Monitoring Your Kids’ Online Behavior

Author: Shannon Miller Lifestyle

Does your child have a cell phone? Access to a computer or tablet?

How easy is it for him or her to access videos? Social media? Questionable material?

The answer is that it is WAY too easy. Go ahead and Google very innocent things like “candy” or “white house,” and you will see some very surprising results! Children with access to Twitter and Instagram also have access to many ways to connect that may be too mature for your child. Questionable language and imagery are all too typical in such applications.

So what should you do to provide internet safety for kids?

Block them from computers? Block them socially? That’s not realistic, so what is the right way to balance kids’ online and cellular behavior?

Karen Foreman, Founder of Social School 101, gives these initial guidelines for parents of kids that are beginning to use online activity on their own:

  • Keep all technology in a visible location. Do not allow computers in the bedrooms. It much easier to monitor what they are doing if the computer is in a common area.
  • Have an Internet Safety Pledge. Try one by the National Crime Prevention Council. Write the rules and have everyone in the family sign the rules. Post the rules in a visible spot. They will serve as a visual reminder when you are not there.
  • Password protect your smartphone and computer so you are always aware of your child being online. Ask them not to close any applications or conversations until you have had chance to look at them.
  • Check the privacy settings on games and apps frequently as they change. Limit them to friends only.
  • Monitor the child’s security. You can monitor language, friends requests, postings, photos, and bullying for as little as ten dollars a month. Many parents feel it is spying to look at their children’s online activity. You are the parent and you have every right to monitor the activity to keep your child safe.
  • Pay attention to the apps your child downloads on their phone and digital devices. Many of these apps expose children and teens to posting pictures that can have long range and devastating consequences. This is one of the reasons sexual shaming is such a hot topic.

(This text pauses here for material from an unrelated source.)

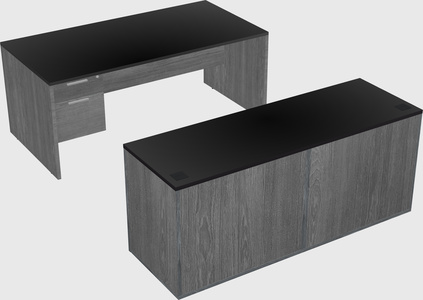 Parallel desk with credenza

Kevin Roberts, author of the book Cyber Junkie, an educational book for parents today, gives some more pointers, specifically to the middle school years and up (he is adamant, by the way, that children under 12 not get a cell phone):

  • I Am Big Brother lets you to secretly monitor all incoming and outgoing email, instant messages, chats, websites and more. Once the product is downloaded and installed, it is totally hidden, and only you can access it. Products of this sort are sometimes referred to as parental control software. These can be downloaded from the Internet. Family Cyber Alert is another product that my parent-clients have found useful. PC Tattletale has also received good reviews from my clients.
  • Advanced Parental Control is one which does a little more than monitoring. It also allows parents to restrict Internet use to certain time periods and schedules, in addition to monitoring keystrokes and logins.
  • Obviously, all of this can be circumvented if your child’s main cyber interface is not a computer but a smart phone. In that case, which is increasingly common, families have been having good luck with the mSPy Smartphone Monitoring Application. You simply download it to the target phone and you can find out ANYTHING that has happened using that phone, including text messages.
    • With a deceptive adolescent, these types of programs and applications are the products of choice. These kids are smarter than the parents, and these programs are the only thing I have found to work, outside of restriction.
  • Finally, I wish to say that the smartphone represents the most potent carrot parents have at their disposal nowadays. Use it! Link smartphone PRIVILEGES to performance in school, household chores, being home for dinner every night, or whatever target behaviors you as a family deem important. Talk to your cell phone carrier about online options that allow you to restrict smartphone use during certain periods, like at night, during school, etc. Also, if your child is not performing up to expectations, shut that phone off!

Have you tried any of these approaches with your kids, or did you find a different way to provide internet safety for kids?